Carpentersville Trustee Paul Humpfer says his misdemeanor battery conviction will not lead to his removal from the village board.

The village president, though, has other ideas.

Humpfer, 44, was convicted Wednesday of four counts of domestic battery.

Jacqueline Humpfer accused her husband of hitting her on the legs with a baseball bat during an argument at their home in May 2007.

Humpfer, who said he would appeal the conviction, faces a maximum 364 days in Kane County jail.

"I am not going to step down from the village board unless I am forced to," said Humpfer, who is also the village's audit and finance commission chairman.
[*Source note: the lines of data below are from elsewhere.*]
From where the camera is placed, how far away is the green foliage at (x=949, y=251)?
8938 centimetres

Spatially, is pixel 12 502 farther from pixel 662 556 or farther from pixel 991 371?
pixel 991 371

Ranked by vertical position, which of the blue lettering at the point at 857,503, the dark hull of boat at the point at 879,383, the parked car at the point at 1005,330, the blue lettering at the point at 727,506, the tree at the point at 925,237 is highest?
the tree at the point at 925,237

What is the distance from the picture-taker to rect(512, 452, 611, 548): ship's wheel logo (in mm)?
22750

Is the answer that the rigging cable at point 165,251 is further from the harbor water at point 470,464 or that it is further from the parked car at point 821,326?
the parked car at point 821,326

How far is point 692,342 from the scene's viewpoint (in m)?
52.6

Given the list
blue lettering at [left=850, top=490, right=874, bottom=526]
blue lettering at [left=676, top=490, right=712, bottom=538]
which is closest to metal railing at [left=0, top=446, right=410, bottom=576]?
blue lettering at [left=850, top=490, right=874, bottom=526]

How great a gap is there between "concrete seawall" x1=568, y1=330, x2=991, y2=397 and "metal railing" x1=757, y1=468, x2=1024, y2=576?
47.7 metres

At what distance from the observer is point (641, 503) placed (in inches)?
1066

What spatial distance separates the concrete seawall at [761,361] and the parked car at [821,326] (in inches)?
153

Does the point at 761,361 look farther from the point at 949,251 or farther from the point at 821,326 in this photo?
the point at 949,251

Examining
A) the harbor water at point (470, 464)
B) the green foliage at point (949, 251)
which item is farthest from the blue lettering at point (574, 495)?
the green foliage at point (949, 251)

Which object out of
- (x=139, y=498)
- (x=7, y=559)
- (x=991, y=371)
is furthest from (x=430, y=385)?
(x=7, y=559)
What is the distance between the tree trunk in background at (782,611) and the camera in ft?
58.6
And state law does not seem to compel Humpfer to resign his trustee position.

Illinois statute does disqualify any person convicted of a felony, bribery, perjury or other infamous crime from holding an elected office.
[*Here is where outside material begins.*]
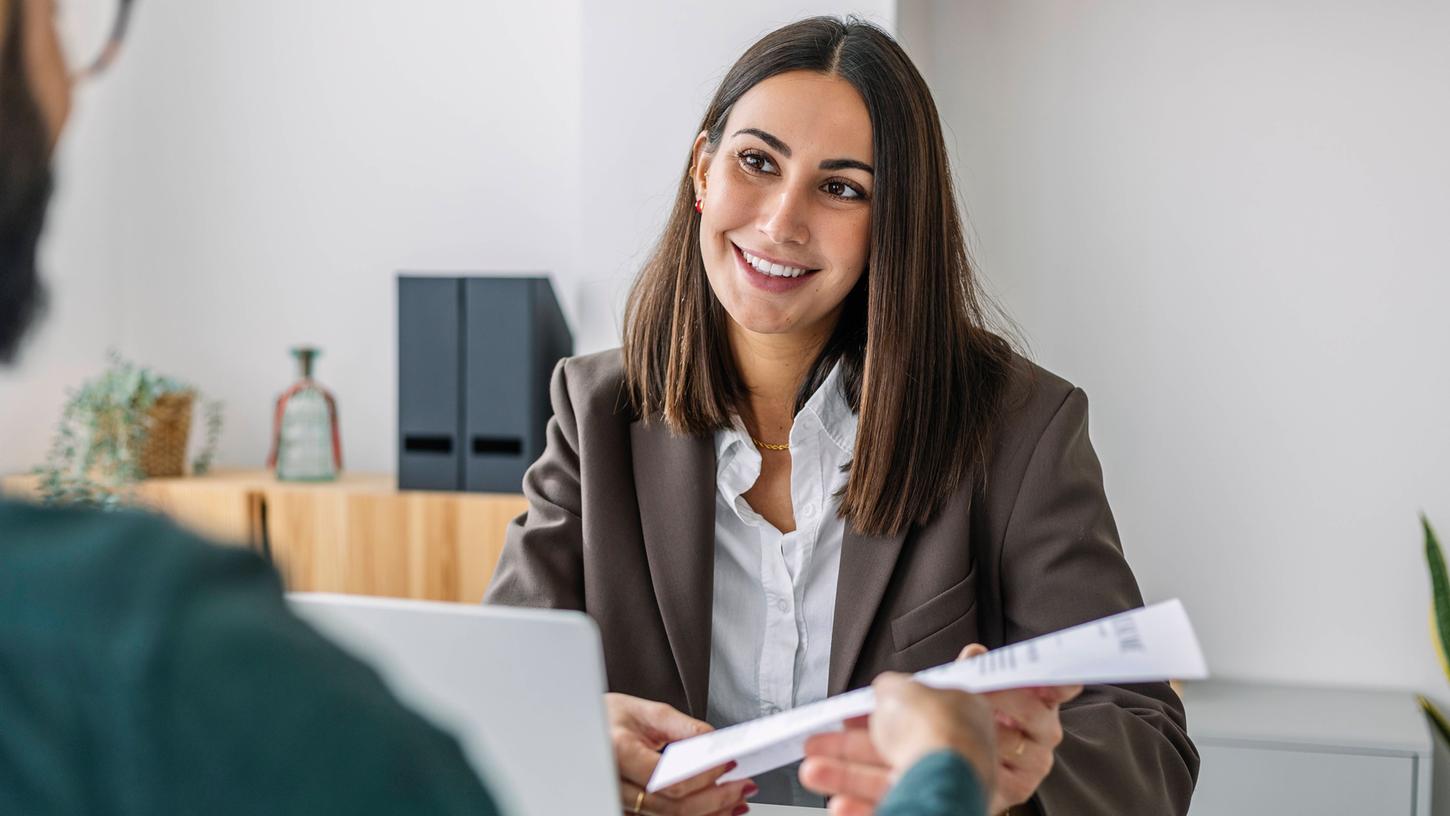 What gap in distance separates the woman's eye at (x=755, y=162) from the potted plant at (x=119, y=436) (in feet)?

Humpfer's misdemeanors do not fall in that range.

Village President Bill Sarto, however, said he considers Humpfer's seat available.

"I hereby deem former Trustee Paul Humpfer's board position to be vacant due to his conviction of an infamous crime," Sarto said in an e-mail Thursday morning to Village Manager Craig Anderson.

Municipal attorney Ronald Roeser said the conviction does not satisfy the definition of an infamous crime.

A section of Illinois law defining infamous crimes has been repealed, but it previously considered crimes such as bribery, forgery and incest to be infamous, Roeser said.

Roeser also said common law defines an infamous crime as a crime against nature, one punishable by more than a year in a penitentiary, or a felony.

"Under any of those constructions of the term, this is not an infamous crime," Roeser said. "It would not require him to step down."

Sarto said his decision to declare Humpfer's seat vacant was based on information he received from two Kane County state's attorney investigators and attorneys from the Illinois attorney general's office.

"They have all said clearly that the beating of your wife with a baseball bat is an infamous crime," Sarto wrote. "It also can be construed as a violation of his oath."

But First Assistant State's Attorney Clint Hull said his office would not comment on how the conviction would affect Humpfer's status as trustee.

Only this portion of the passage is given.